Begin at the line below that has "4-Pack Baby Boys Popcorn Burp Cloths" and stop after the line that has "Kefa Dimi Set". Please restate only those lines, word for word.

Short text fragments from websites
[Start of Attachment]

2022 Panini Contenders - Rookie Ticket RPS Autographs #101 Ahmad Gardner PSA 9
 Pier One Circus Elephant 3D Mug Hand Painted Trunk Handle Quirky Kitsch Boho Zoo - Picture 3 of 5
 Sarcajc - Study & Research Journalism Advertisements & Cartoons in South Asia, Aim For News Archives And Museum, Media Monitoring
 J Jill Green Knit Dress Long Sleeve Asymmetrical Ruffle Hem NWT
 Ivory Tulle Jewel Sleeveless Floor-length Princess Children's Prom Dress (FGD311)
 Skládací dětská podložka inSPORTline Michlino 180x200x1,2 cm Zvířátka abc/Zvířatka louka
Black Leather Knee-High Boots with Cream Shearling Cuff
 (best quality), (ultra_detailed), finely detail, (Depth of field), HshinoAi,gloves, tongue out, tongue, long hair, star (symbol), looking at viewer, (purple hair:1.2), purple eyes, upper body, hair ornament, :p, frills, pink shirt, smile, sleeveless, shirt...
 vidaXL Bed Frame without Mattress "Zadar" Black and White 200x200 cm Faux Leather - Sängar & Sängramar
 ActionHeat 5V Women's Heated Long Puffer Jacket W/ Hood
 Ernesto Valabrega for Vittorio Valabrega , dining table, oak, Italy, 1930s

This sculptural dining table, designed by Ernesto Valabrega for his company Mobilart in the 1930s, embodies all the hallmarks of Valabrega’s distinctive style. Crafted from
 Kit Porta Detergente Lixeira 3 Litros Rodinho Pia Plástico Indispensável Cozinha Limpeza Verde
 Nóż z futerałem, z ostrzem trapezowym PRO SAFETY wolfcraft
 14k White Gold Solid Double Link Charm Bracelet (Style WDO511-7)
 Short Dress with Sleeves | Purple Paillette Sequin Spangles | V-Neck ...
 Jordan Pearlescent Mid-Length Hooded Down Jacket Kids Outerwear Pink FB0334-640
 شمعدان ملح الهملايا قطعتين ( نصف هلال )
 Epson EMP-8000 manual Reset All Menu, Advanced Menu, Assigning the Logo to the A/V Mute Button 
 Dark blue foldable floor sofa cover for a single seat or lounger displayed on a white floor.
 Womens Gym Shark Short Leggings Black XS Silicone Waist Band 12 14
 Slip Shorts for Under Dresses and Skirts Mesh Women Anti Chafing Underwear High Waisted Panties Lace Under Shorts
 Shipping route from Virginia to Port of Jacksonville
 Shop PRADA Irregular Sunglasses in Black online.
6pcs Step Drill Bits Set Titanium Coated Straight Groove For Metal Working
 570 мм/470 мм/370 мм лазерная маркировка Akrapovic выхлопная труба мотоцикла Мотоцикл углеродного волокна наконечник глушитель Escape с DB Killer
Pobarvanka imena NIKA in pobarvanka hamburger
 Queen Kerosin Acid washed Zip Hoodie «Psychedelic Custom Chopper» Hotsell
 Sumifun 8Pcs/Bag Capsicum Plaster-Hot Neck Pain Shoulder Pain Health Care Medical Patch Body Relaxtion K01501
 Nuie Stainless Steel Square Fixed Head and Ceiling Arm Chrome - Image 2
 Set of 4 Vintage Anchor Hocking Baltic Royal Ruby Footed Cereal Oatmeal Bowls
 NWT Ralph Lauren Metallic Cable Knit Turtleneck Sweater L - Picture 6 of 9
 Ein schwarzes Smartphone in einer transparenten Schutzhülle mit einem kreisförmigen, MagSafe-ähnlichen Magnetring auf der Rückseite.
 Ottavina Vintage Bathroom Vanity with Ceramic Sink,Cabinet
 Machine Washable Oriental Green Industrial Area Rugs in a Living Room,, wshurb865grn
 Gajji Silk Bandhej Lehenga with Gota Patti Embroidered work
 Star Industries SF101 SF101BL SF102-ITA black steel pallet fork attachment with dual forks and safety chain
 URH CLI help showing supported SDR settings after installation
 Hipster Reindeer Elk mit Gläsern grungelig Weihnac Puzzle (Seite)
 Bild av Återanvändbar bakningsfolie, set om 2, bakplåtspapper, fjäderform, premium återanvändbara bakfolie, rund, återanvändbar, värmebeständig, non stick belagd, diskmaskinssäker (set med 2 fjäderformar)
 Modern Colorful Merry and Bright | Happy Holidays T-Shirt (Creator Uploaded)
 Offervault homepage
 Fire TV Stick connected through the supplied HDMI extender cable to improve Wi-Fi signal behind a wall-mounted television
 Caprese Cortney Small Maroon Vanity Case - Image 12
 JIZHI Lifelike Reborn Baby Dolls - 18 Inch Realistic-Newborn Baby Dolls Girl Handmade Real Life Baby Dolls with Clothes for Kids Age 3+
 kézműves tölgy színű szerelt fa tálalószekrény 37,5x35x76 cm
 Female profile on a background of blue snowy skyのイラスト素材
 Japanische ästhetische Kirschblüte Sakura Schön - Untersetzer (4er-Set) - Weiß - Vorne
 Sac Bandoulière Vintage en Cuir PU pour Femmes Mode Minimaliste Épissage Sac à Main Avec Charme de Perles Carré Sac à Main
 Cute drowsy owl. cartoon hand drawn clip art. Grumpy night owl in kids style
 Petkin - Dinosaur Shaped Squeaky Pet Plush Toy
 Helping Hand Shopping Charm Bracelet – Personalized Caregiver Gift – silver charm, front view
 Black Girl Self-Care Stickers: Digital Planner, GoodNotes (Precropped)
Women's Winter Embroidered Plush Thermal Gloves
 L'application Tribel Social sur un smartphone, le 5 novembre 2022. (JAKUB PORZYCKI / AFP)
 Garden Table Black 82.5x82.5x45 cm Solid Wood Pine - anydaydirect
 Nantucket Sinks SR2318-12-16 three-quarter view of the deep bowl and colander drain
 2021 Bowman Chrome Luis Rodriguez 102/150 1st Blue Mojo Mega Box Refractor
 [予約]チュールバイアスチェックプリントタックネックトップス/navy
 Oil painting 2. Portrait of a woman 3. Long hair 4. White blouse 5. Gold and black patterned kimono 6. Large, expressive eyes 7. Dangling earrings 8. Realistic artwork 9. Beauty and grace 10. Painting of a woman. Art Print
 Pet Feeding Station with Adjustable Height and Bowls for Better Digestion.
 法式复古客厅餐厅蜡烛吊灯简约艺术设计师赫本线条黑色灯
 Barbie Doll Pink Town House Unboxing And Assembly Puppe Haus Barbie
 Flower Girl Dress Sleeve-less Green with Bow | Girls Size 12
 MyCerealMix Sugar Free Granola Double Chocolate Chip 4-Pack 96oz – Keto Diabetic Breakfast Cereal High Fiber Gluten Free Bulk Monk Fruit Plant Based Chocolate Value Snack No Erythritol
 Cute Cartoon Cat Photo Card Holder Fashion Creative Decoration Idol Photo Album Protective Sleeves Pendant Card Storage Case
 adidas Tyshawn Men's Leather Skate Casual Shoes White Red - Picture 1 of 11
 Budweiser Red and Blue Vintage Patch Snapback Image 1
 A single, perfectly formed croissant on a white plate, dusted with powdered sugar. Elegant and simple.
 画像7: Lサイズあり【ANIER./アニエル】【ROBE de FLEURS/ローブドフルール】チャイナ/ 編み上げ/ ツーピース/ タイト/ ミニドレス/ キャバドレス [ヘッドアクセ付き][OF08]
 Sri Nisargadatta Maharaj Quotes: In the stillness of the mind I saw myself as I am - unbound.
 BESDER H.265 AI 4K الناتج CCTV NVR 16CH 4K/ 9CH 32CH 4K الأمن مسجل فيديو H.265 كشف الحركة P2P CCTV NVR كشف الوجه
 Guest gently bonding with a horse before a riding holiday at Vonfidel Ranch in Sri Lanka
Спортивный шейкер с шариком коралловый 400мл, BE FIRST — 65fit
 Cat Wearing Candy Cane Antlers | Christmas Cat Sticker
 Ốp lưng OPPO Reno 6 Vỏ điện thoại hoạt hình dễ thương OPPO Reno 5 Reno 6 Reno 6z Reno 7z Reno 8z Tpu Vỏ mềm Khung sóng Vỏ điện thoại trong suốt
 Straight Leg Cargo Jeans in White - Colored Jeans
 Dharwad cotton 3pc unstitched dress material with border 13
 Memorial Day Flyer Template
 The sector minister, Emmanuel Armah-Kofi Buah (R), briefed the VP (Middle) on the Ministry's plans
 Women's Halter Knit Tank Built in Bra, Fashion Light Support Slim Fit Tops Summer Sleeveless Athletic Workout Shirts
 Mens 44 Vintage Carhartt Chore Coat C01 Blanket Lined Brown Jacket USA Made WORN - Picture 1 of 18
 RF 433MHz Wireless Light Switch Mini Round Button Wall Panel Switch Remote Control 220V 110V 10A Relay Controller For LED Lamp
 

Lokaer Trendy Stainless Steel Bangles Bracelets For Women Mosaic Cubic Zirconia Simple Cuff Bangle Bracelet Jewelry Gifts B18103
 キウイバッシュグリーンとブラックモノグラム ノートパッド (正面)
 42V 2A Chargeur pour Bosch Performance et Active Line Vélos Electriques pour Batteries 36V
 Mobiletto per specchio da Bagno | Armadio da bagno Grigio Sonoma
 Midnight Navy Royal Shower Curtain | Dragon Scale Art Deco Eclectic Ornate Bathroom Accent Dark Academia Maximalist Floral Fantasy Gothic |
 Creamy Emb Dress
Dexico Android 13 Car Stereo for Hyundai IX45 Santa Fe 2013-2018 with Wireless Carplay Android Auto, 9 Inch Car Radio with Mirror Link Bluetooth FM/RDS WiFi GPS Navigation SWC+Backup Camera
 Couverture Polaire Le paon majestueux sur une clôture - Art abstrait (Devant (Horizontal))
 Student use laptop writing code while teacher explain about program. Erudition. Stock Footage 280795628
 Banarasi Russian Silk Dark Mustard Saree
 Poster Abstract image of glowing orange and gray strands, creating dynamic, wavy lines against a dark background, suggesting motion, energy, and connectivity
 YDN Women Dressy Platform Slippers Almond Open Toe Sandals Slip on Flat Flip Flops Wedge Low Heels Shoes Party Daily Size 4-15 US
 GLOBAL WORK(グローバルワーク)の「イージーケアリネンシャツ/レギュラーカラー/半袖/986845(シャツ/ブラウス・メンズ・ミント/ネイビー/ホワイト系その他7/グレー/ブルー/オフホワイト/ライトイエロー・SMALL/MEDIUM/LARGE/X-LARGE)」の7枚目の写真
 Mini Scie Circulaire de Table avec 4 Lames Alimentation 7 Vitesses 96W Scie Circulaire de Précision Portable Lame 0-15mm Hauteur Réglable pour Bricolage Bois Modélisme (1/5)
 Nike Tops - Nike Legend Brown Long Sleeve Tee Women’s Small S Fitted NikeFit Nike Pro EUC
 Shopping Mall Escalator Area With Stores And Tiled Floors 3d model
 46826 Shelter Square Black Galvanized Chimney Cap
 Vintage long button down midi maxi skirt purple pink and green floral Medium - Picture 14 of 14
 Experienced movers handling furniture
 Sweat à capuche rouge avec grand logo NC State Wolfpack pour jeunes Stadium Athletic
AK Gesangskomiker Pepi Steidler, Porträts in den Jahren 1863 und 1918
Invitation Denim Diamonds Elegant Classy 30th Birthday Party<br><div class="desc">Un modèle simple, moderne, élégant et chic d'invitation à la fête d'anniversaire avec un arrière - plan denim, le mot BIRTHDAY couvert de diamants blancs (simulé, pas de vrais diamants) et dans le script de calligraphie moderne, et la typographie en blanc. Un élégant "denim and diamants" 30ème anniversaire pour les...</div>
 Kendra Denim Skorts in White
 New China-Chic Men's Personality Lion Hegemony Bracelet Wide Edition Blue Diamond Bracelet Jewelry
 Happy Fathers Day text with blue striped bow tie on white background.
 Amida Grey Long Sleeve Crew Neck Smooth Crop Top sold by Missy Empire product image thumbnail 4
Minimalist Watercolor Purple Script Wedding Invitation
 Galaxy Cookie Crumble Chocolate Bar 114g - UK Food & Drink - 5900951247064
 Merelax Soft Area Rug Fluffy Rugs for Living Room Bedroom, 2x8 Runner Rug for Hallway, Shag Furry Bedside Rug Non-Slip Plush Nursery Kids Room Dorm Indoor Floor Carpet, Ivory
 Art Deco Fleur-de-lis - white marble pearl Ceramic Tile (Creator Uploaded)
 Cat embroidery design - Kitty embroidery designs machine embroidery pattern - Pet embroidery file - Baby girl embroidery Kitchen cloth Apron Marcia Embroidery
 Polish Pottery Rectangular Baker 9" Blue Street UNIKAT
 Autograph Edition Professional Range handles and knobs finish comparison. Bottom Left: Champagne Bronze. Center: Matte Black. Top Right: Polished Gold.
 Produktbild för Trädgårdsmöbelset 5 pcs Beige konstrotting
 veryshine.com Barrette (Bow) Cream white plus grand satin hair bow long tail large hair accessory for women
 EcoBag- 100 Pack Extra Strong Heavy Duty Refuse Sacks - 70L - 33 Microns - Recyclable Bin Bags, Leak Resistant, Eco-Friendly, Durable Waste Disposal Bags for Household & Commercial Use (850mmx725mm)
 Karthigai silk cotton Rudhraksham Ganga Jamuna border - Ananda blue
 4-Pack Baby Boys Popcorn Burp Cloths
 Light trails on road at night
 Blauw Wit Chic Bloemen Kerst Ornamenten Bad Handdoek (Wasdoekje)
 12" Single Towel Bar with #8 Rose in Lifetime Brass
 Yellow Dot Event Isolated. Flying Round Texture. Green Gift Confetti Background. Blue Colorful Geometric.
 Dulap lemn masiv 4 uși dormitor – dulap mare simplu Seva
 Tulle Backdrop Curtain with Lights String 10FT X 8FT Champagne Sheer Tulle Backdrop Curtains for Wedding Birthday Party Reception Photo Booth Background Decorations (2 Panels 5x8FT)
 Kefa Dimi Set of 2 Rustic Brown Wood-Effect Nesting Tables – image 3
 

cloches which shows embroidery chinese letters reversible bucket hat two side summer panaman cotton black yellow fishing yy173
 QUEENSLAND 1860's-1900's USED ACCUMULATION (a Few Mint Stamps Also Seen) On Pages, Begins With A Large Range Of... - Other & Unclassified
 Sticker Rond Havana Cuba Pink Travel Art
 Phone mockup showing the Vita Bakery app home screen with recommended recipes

[End of Attachment]

TASK ANSWER
 4-Pack Baby Boys Popcorn Burp Cloths
 Light trails on road at night
 Blauw Wit Chic Bloemen Kerst Ornamenten Bad Handdoek (Wasdoekje)
 12" Single Towel Bar with #8 Rose in Lifetime Brass
 Yellow Dot Event Isolated. Flying Round Texture. Green Gift Confetti Background. Blue Colorful Geometric.
 Dulap lemn masiv 4 uși dormitor – dulap mare simplu Seva
 Tulle Backdrop Curtain with Lights String 10FT X 8FT Champagne Sheer Tulle Backdrop Curtains for Wedding Birthday Party Reception Photo Booth Background Decorations (2 Panels 5x8FT)
 Kefa Dimi Set of 2 Rustic Brown Wood-Effect Nesting Tables – image 3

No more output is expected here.